About this exercise: Word for word, copy out the data below, omitting pictures.

== Source material ==

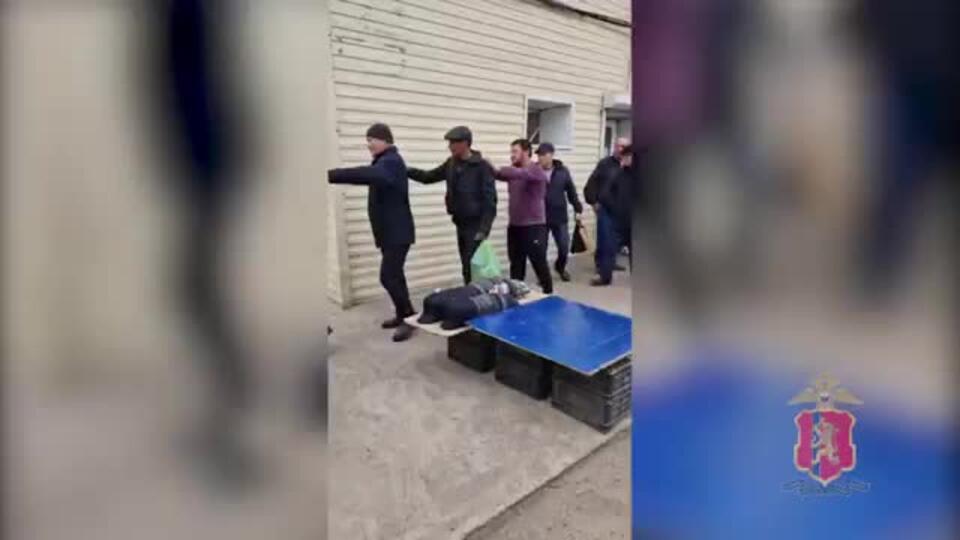 135 мигрантов задержали во время рейда на рынке в Красноярске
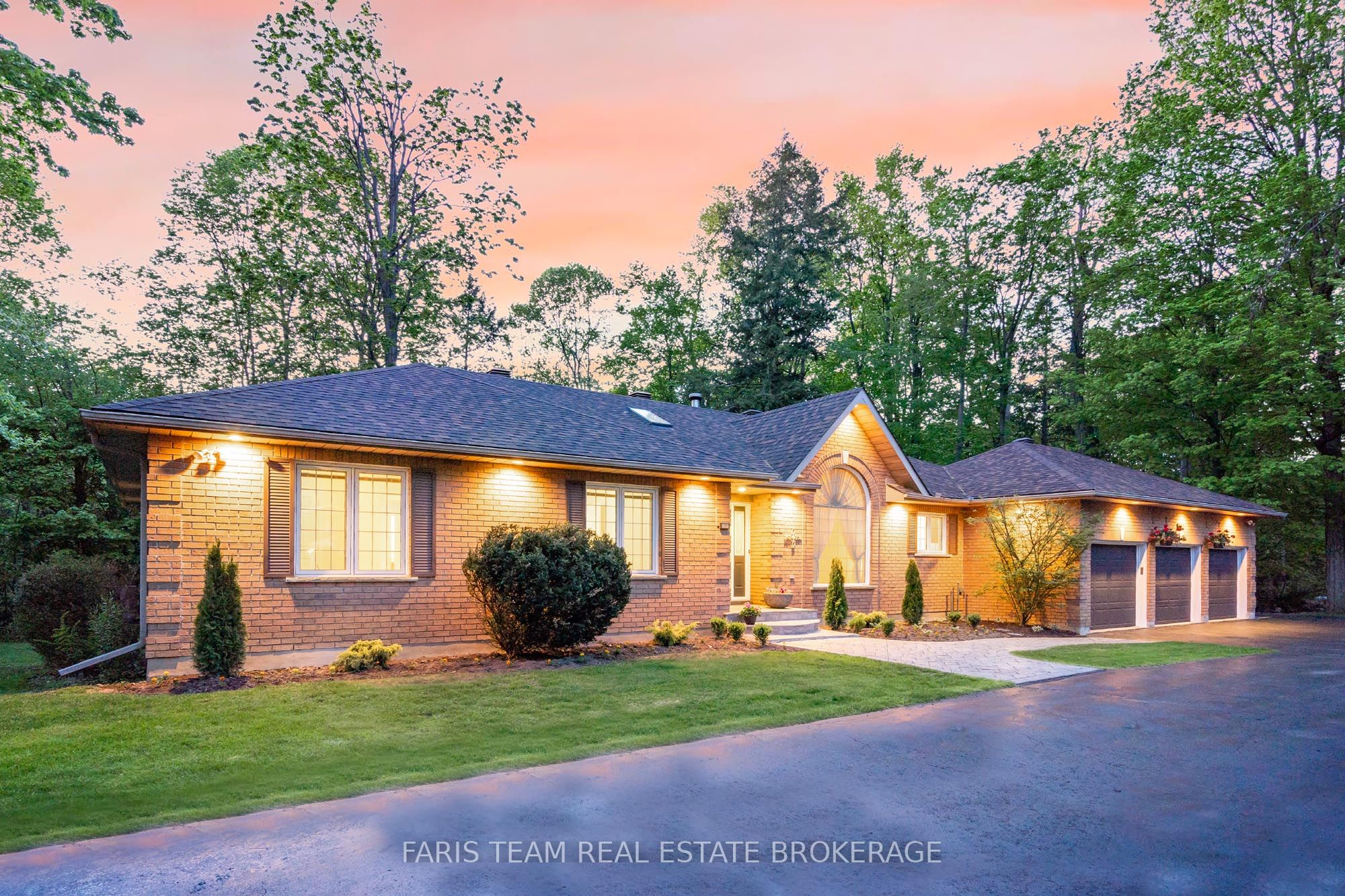 2088 Wilkinson Street, Innisfil, ON L9S 1X3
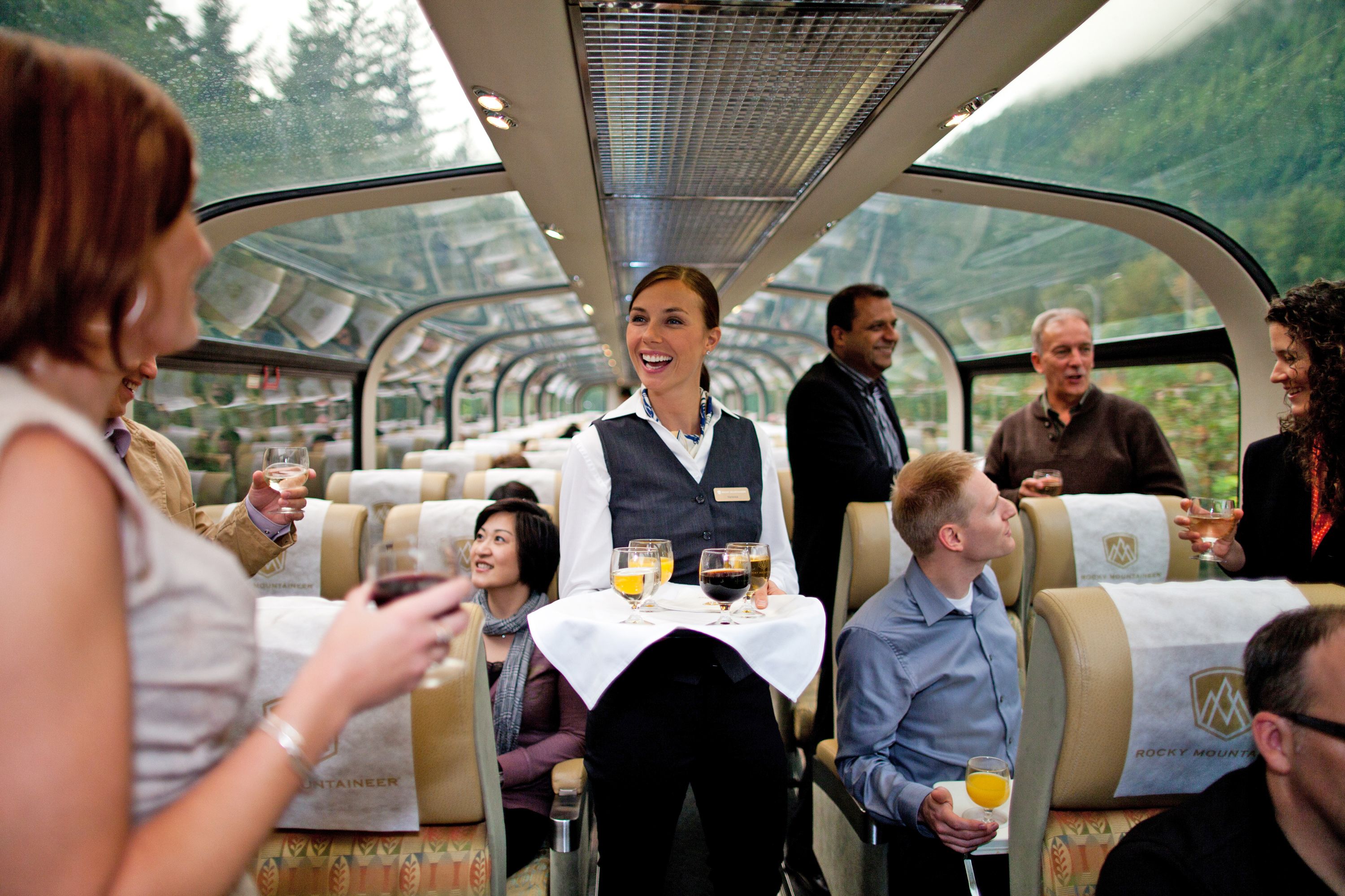 Gold Leaf Service im Zug der Rocky Mountaineer Bahngesellschaft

===

Finished task:
 135 мигрантов задержали во время рейда на рынке в Красноярске
 2088 Wilkinson Street, Innisfil, ON L9S 1X3
 Gold Leaf Service im Zug der Rocky Mountaineer Bahngesellschaft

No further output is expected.